WHAT IS NEEDED —
The lines below from the one with "Depeche Taske - Cross over - Cognac" up to and including the one with "Samsung Galaxy Tab" are what you should set down, exactly and without pictures.
PROVIDED MATERIAL Start Marker
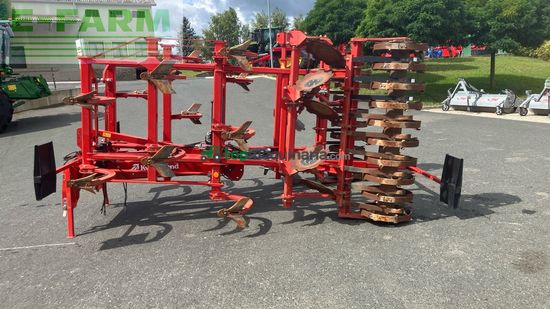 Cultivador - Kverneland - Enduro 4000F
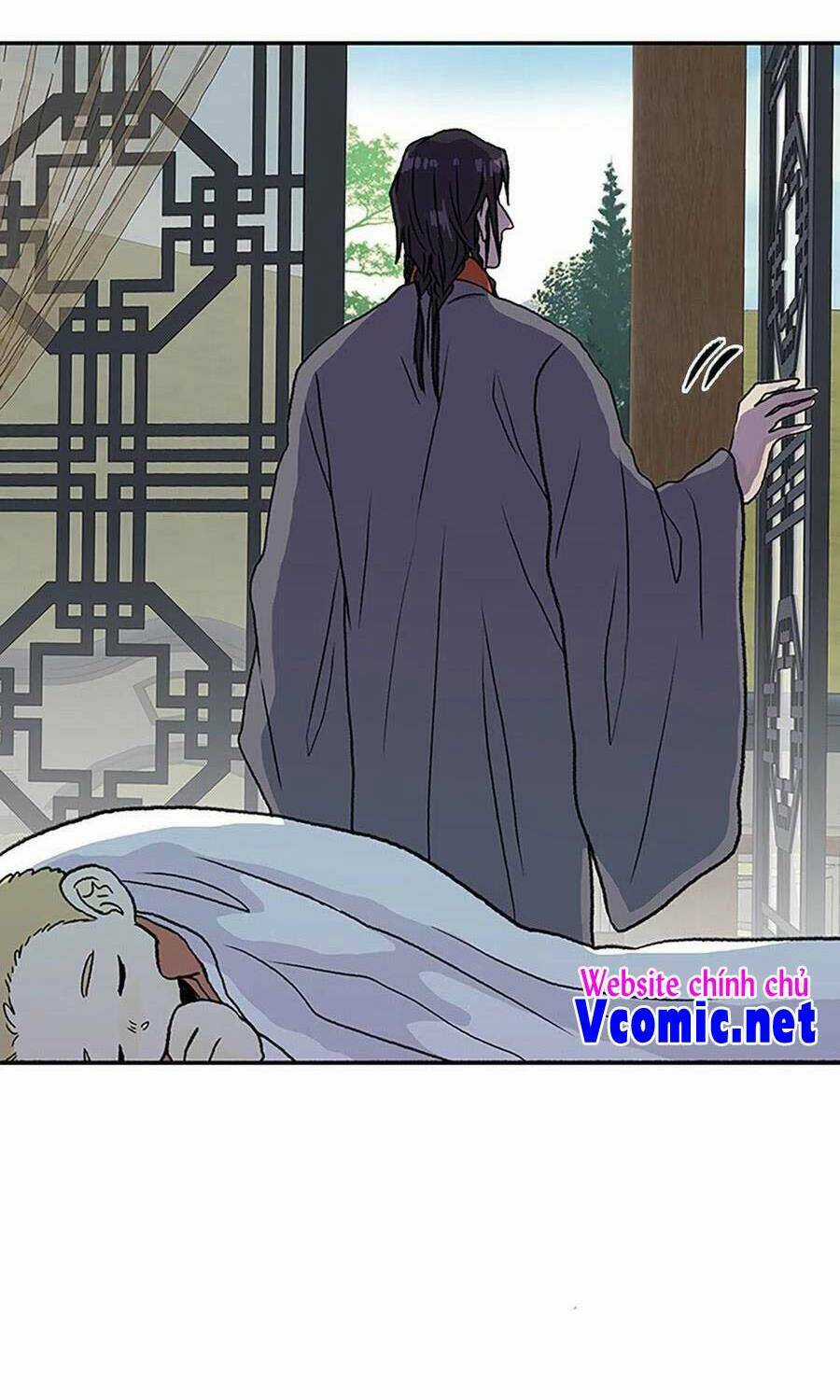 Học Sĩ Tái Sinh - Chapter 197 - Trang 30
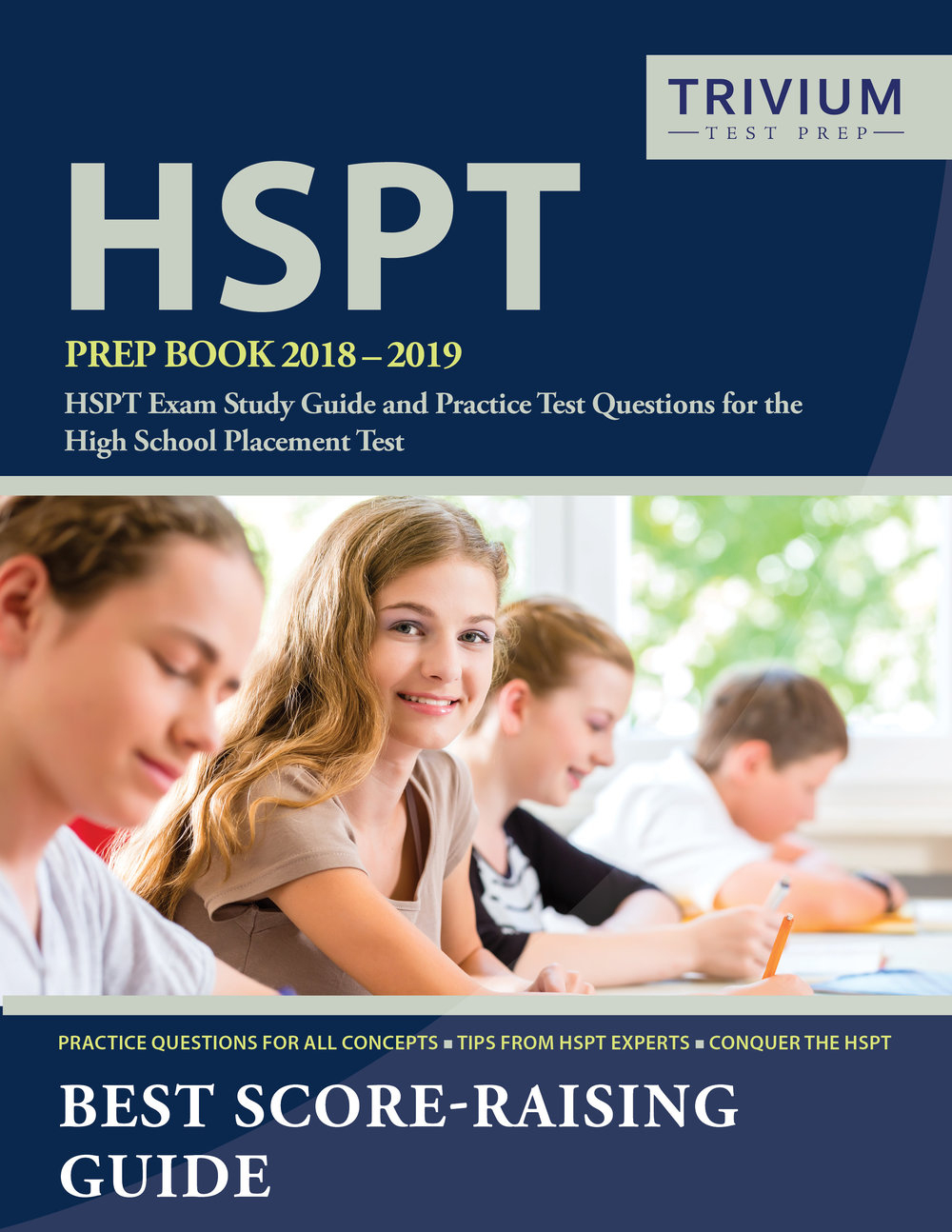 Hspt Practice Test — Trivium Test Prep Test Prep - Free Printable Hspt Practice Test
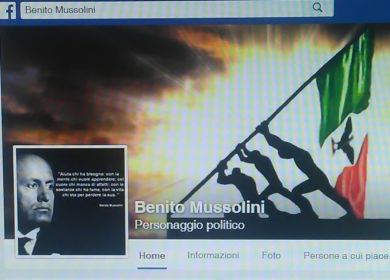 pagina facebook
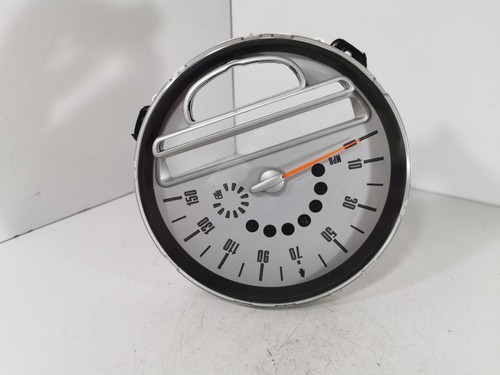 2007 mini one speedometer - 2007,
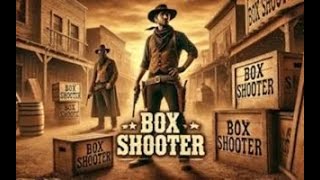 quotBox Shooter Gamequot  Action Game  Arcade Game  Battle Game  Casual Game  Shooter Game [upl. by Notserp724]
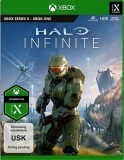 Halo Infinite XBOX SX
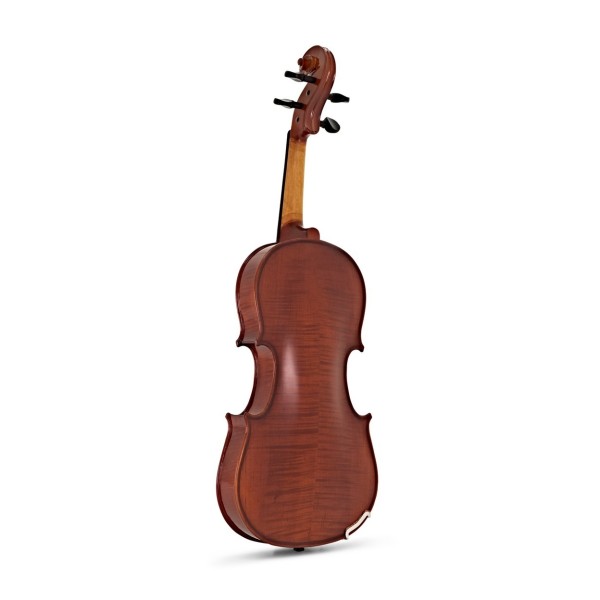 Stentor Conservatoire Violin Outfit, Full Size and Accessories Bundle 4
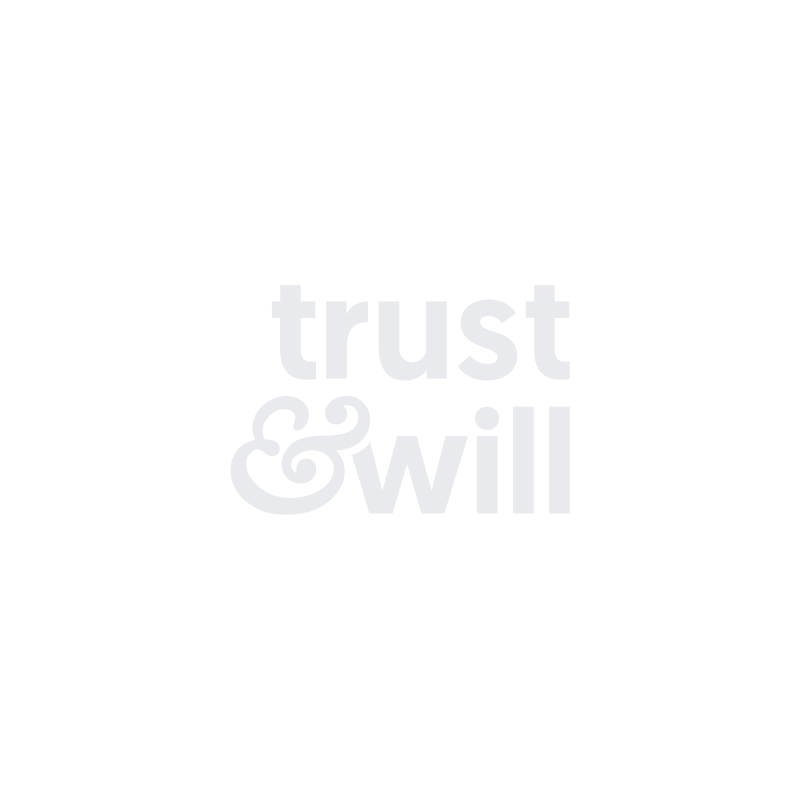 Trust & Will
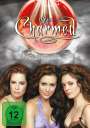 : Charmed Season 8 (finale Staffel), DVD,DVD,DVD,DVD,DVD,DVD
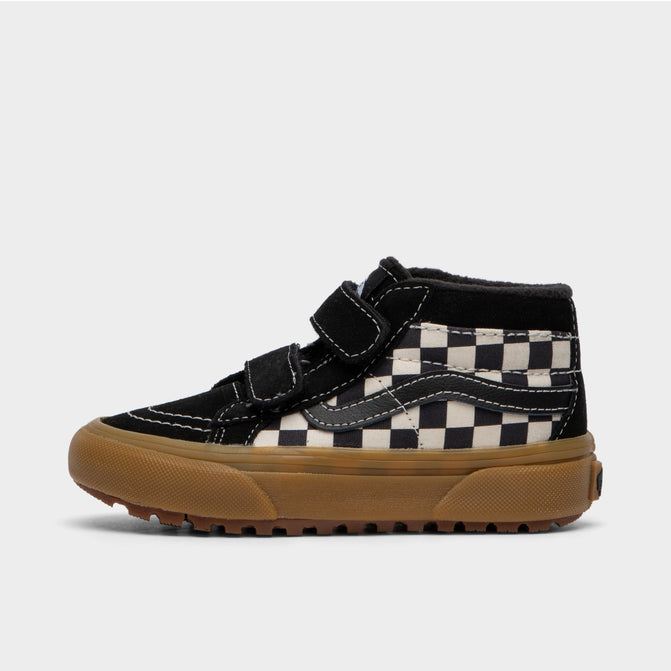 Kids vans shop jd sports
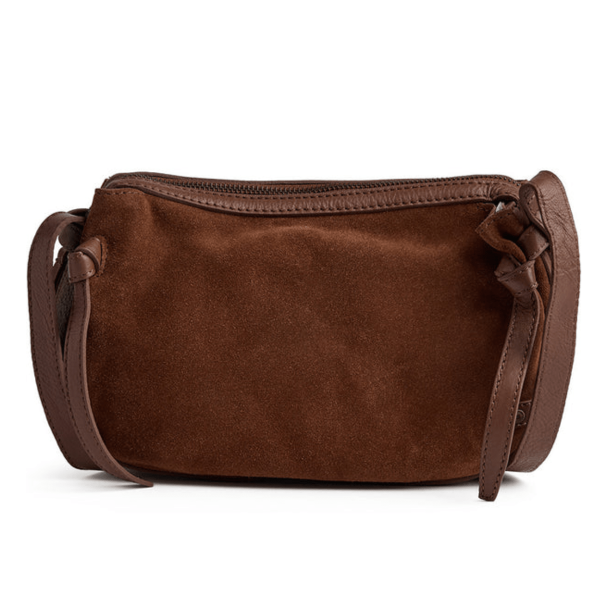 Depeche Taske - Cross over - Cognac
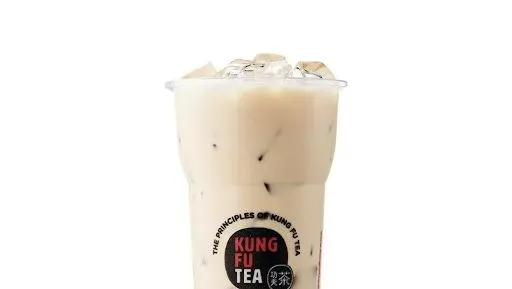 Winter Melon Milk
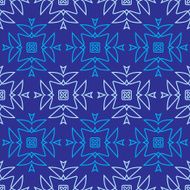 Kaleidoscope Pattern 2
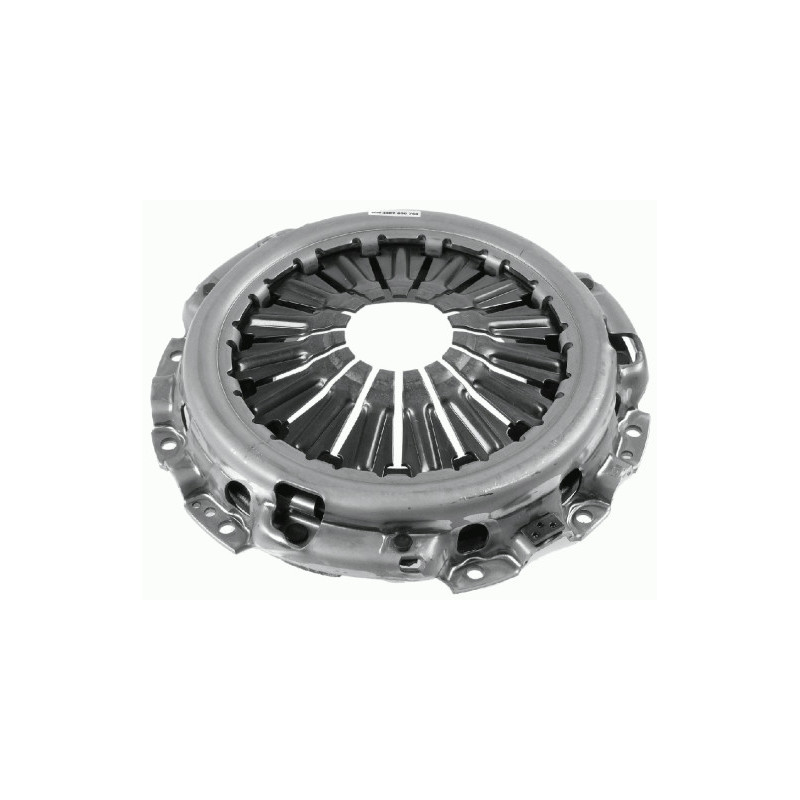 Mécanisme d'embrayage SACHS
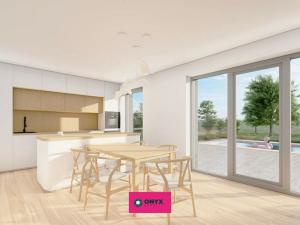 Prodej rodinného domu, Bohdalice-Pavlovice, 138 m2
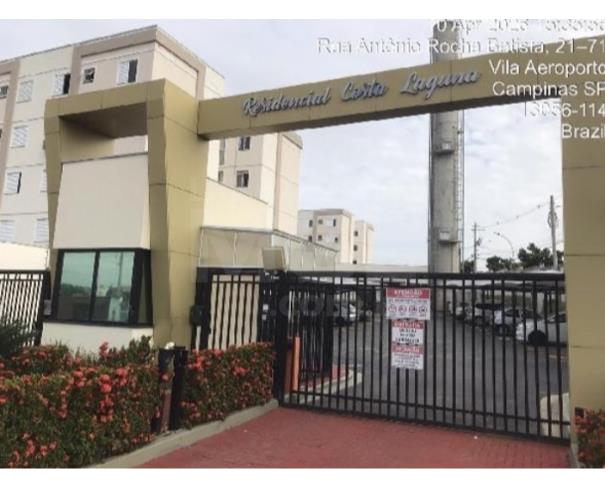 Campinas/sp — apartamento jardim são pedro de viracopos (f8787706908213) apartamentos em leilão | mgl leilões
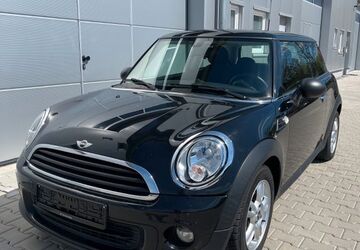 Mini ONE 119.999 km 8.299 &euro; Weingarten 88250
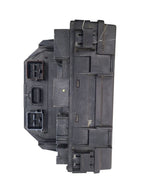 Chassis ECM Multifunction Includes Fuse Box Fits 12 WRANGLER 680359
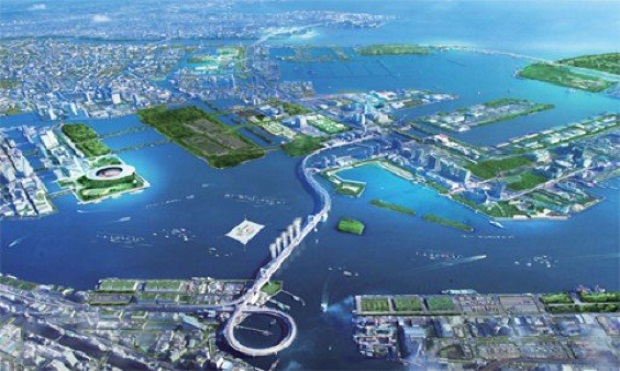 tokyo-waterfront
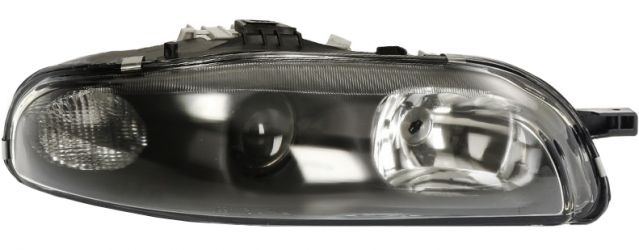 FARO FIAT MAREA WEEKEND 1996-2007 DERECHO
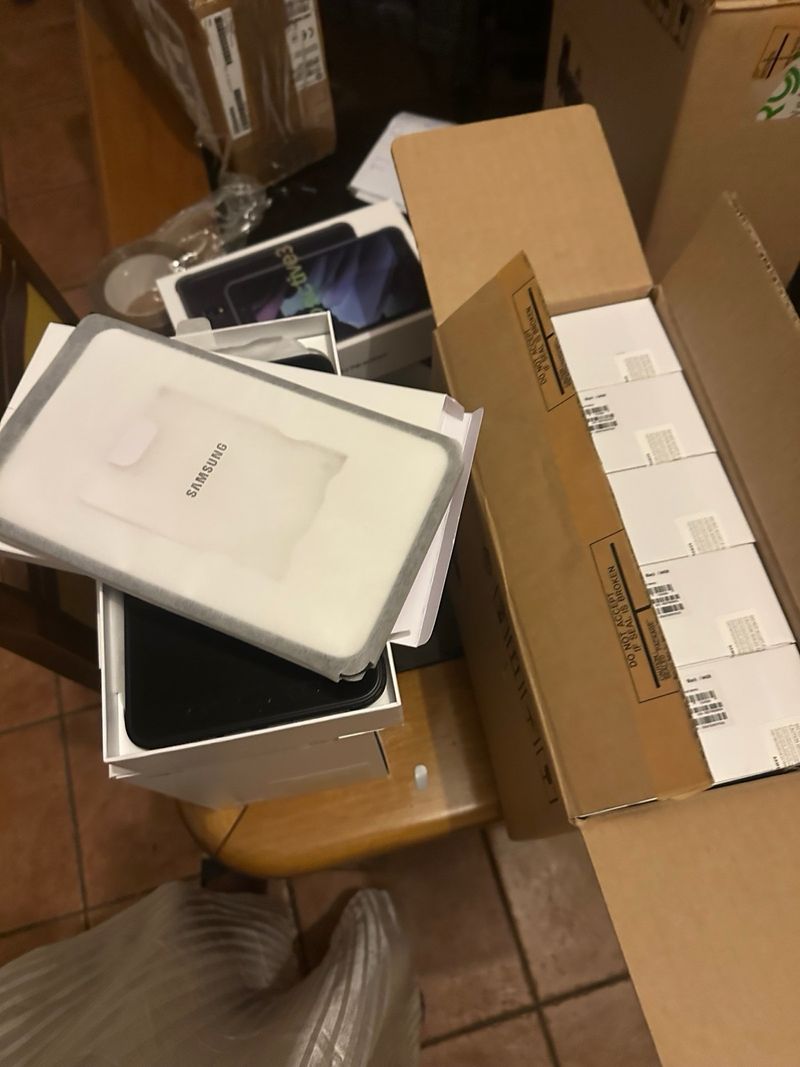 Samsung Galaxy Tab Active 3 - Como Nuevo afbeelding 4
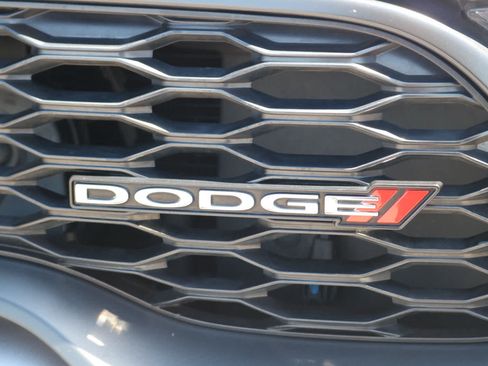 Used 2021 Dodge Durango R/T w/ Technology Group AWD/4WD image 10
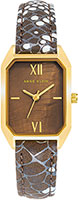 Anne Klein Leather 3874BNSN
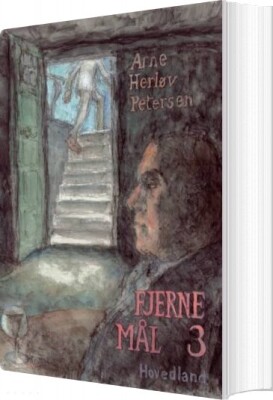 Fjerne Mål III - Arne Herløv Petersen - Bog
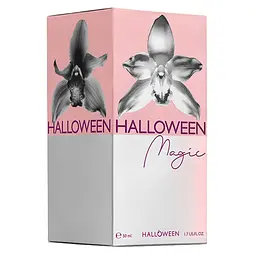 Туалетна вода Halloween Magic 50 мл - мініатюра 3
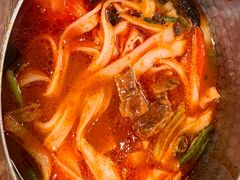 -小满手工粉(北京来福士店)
PROVIDED MATERIAL End Marker
ANSWER SECTION —
 Depeche Taske - Cross over - Cognac
 Winter Melon Milk
 Kaleidoscope Pattern 2
 Mécanisme d'embrayage SACHS
 Prodej rodinného domu, Bohdalice-Pavlovice, 138 m2
 Campinas/sp — apartamento jardim são pedro de viracopos (f8787706908213) apartamentos em leilão | mgl leilões
 Mini ONE 119.999 km 8.299 &euro; Weingarten 88250
 Chassis ECM Multifunction Includes Fuse Box Fits 12 WRANGLER 680359
 tokyo-waterfront
 FARO FIAT MAREA WEEKEND 1996-2007 DERECHO
 Samsung Galaxy Tab Active 3 - Como Nuevo afbeelding 4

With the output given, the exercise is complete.